En revanche, si la lésion est complète (avec perte totale de contraction volontaire ou de la sensibilité anale, soit 55 % des cas), il n’y a pas les mêmes chances de récupération spontanée. Cela ne veut pas dire qu’il n’y a rien à faire: il va falloir apprendre à gérer les déficiences en s’appuyant au maximum sur les compétences restantes et sur les aides techniques, qui ont bien progressé: domotique, fauteuils électriques avec commande au niveau du menton ou du front lorsque les quatre membres sont touchés, etc.

«À ce stade, la chirurgie fonctionnelle du handicap peut aussi être utile. Par exemple, si la fonction motrice de la main a disparu, mais pas celle de l’avant-bras, le chirurgien a moyen de dérouter l’insertion distale d’un muscle non paralysé pour restituer une fonction de préhension (fonction pouce-index). Et il existe plusieurs interventions chi­rur­gicales dans le même esprit, susceptibles de faciliter la nouvelle vie de la personne traumatisée médullaire. Mais comme ces interventions ne sont proposées et pratiquées que dans quelques centres experts, on en revient toujours au même problème de labelliser ces centres afin que toute personne victime d’un traumatisme médullaire passe entre leurs mains et y bénéficient d’un suivi à vie», insiste le Pr Perrouin-Verbe.
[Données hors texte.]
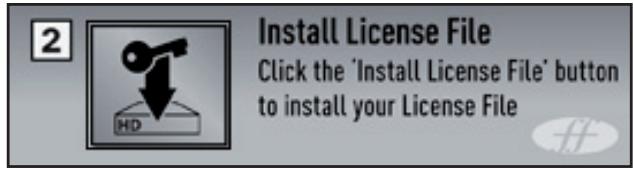 FOCUSRITE MIDNIGHT PLUG-IN SUITE - Étape 2 : Install License File (installer le fichier de licence) - 1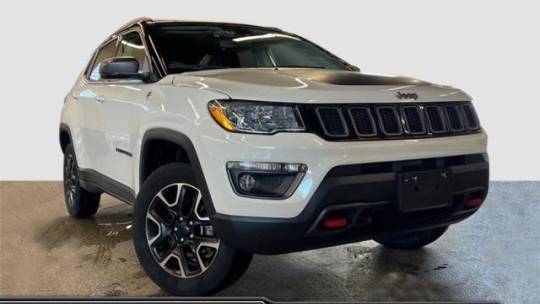 2021 Jeep Compass Trailhawk — SUV — 52,021 mi — Edison, NJ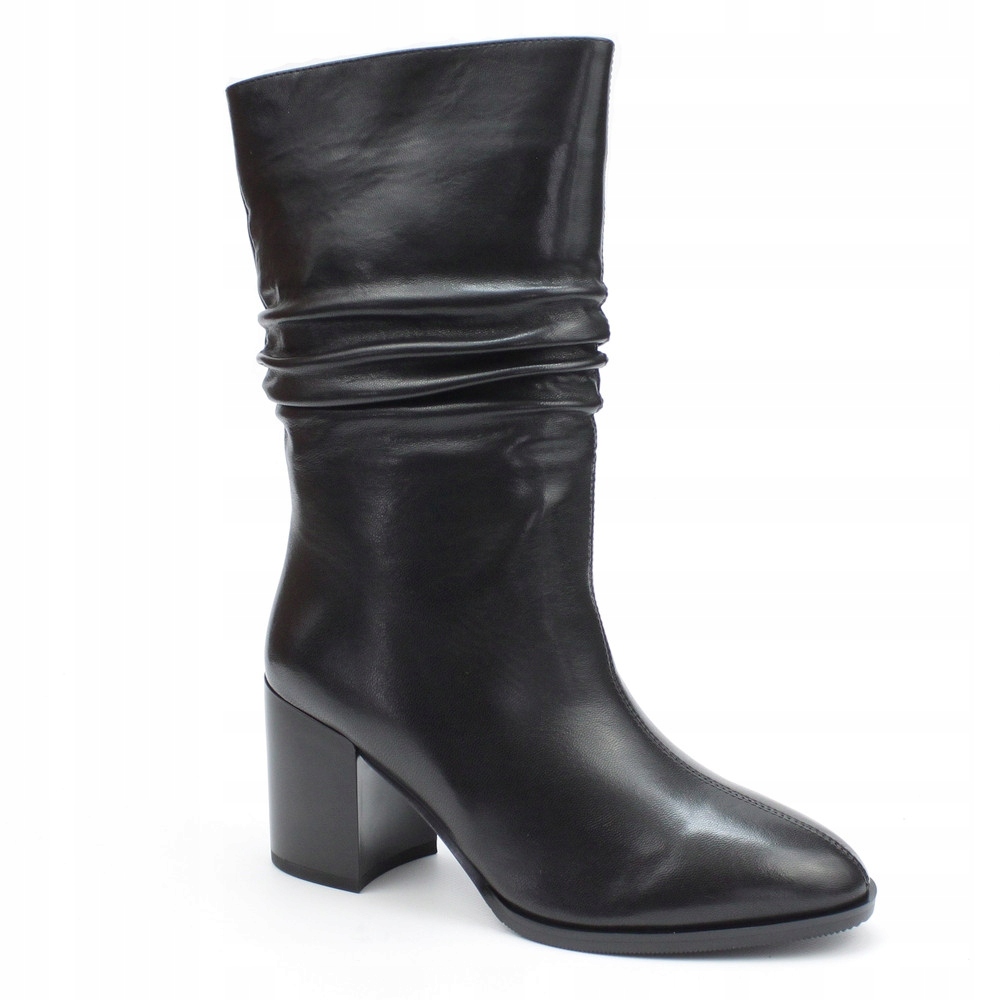 Loretta Vitale C9652 Černé Nízké 3/4 Kozačky vel. 37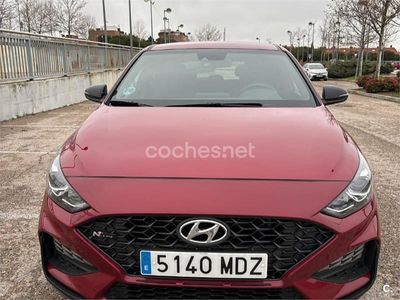 Granate Usado 2023 Hyundai i30 N Line Berlina | 17.000 € (Precio justo)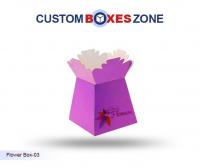 Custom Flower Cardboard Boxes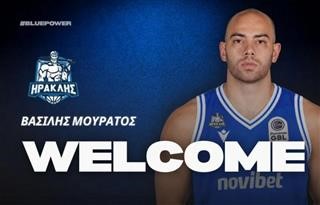  Ηρακλής: Ενισχύθηκε με Μουράτο 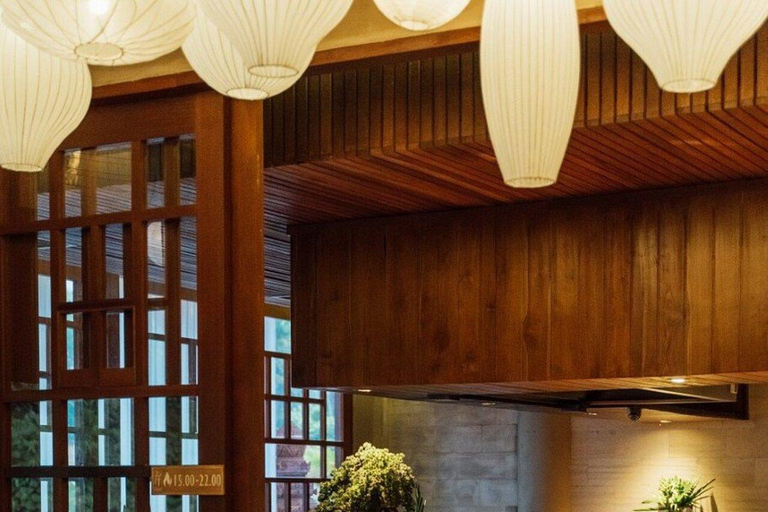 Ubud: Kojin Grill Japanese Restaurant Dining Experience Dining Voucher 200,000 IDR & Table Reservation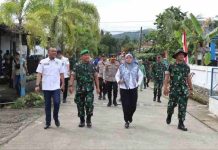 Ketua DPRD Maros Andi Patarai Amir Ikuti Pembukaan TMMD 166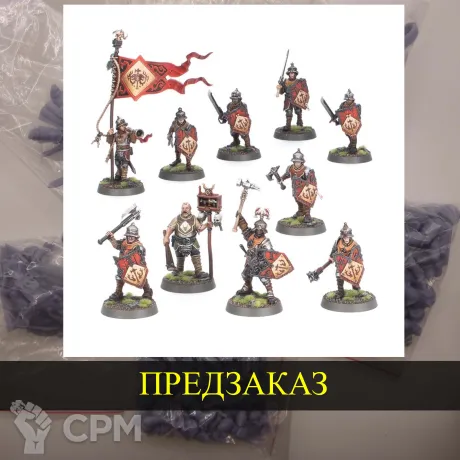 Описание картинки Freeguild Steelhelms от White Rhino по цене 1 299руб | Свободный Рынок Миниатюр - СРМ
Retrouver un maximum d’autonomie, c’est aussi retrouver une vie sexuelle et améliorer les fonctions urinaires et intestinales (en tête des préoccupations des personnes paraplégiques). Différentes solutions sont ainsi proposées: sondage régulier de la vessie, régulation du transit, médicaments ou chirurgie. Quant à la fertilité, elle n’est pas affectée chez la femme, mais la grossesse et l’accouchement nécessitent une prise en charge spécifique.
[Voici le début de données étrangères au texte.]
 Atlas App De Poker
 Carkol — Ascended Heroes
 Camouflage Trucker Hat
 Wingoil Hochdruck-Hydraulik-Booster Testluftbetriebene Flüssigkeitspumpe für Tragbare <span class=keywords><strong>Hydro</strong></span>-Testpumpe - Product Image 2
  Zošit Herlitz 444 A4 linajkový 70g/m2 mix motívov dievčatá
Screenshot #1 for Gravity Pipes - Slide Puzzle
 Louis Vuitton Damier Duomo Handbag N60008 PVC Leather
En France, il y a urgence à améliorer l’accessibilité des fauteuils roulants dans les lieux de vie et, cette fois, c’est du domaine des politiques… qui méritent un carton rouge pour avoir tout juste repoussé cette échéance de 2015 à 2018 pour les commerces de proximité et même 2021 pour les écoles, les mairies et 2024 pour les grandes entreprises de transport.